◆ Records for processing
———
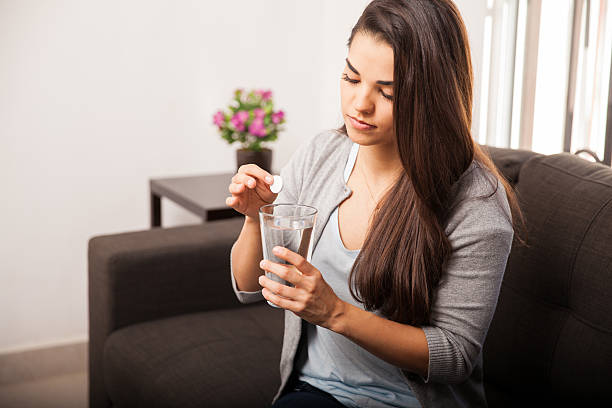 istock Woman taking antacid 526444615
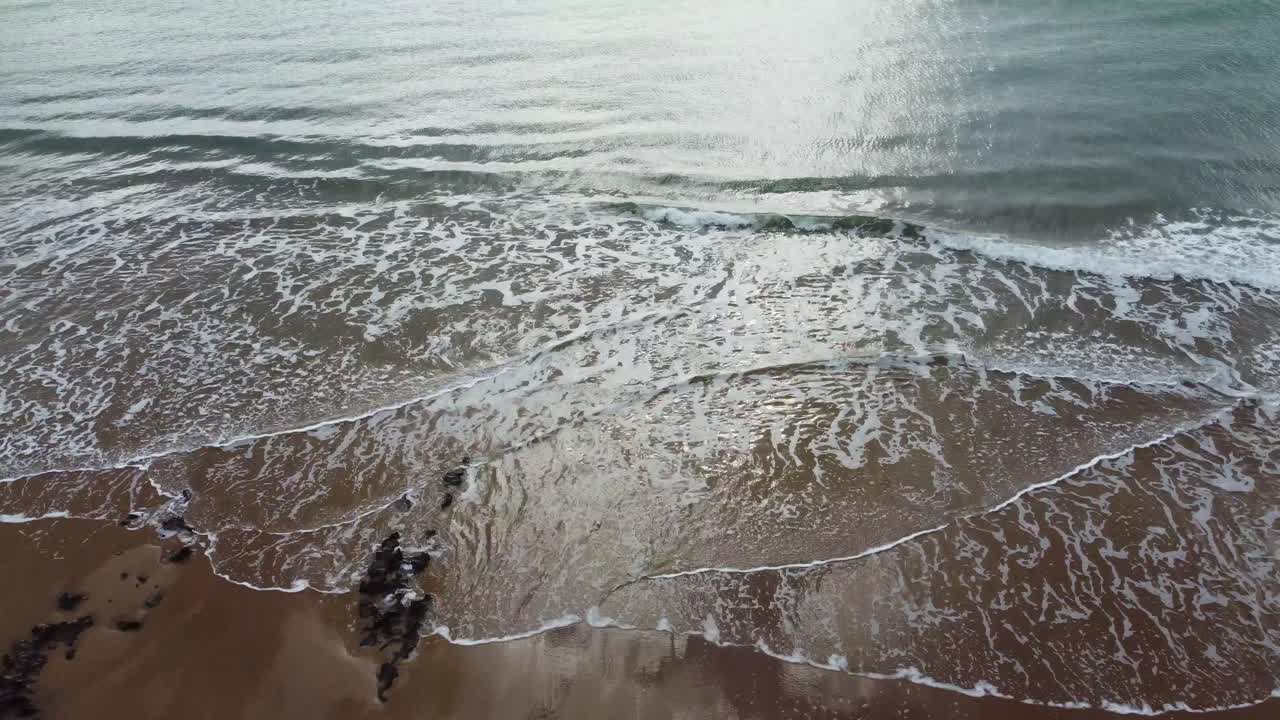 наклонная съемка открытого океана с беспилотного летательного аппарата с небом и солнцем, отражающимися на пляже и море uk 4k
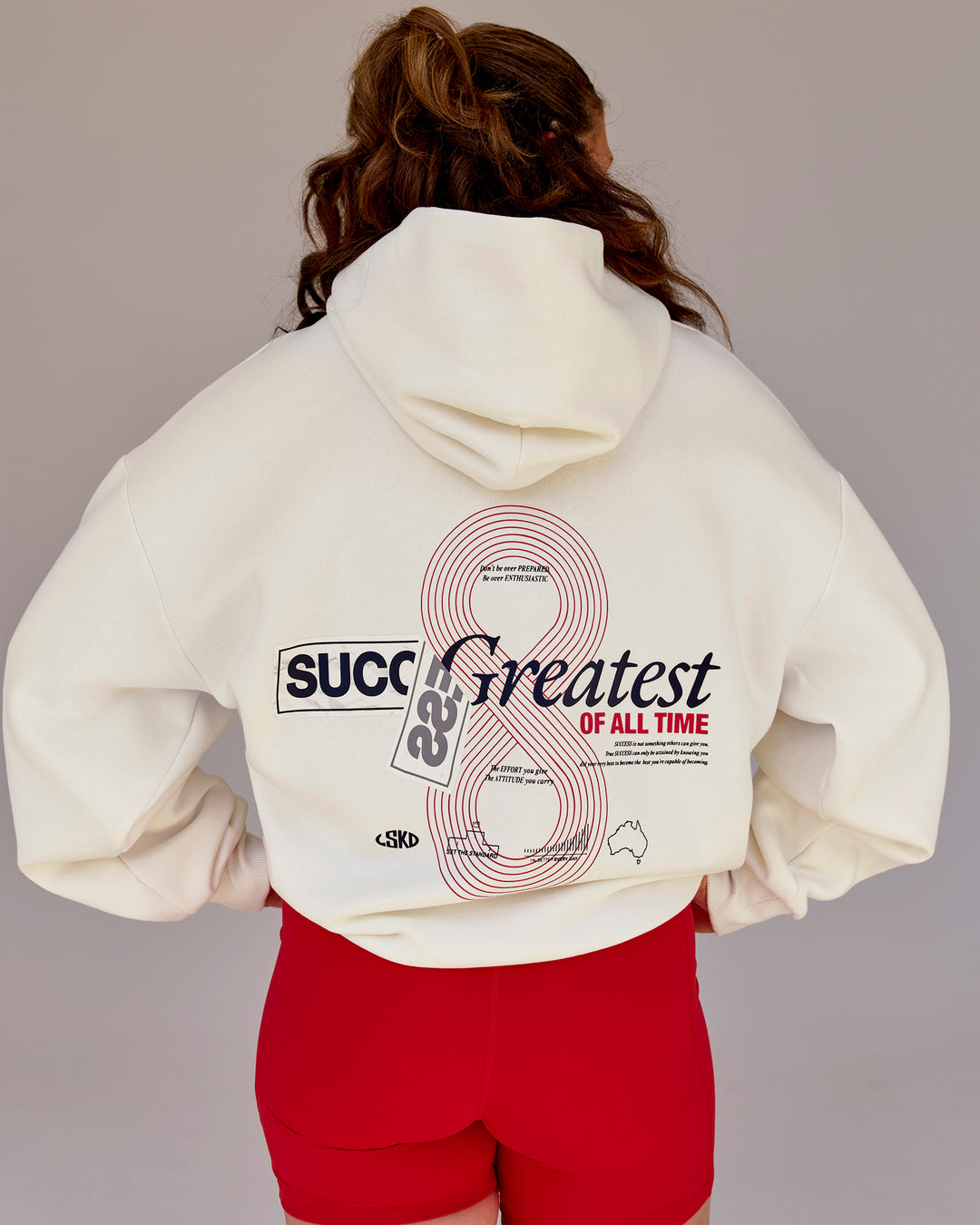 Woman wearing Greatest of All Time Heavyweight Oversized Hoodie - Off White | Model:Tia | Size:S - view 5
———
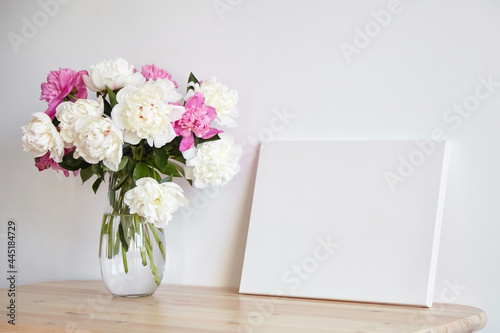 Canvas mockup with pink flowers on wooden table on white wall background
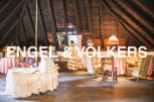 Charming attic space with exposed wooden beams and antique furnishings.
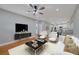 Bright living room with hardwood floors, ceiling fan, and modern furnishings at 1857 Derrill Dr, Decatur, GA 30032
———
◆ Exercise objective
In the listing above, find the line with "Canvas mockup with" and the line with "Bright living room". Copy exactly those lines and all between them, minus the images.

◆ Result
 Canvas mockup with pink flowers on wooden table on white wall background
 Charming attic space with exposed wooden beams and antique furnishings.
 Bright living room with hardwood floors, ceiling fan, and modern furnishings at 1857 Derrill Dr, Decatur, GA 30032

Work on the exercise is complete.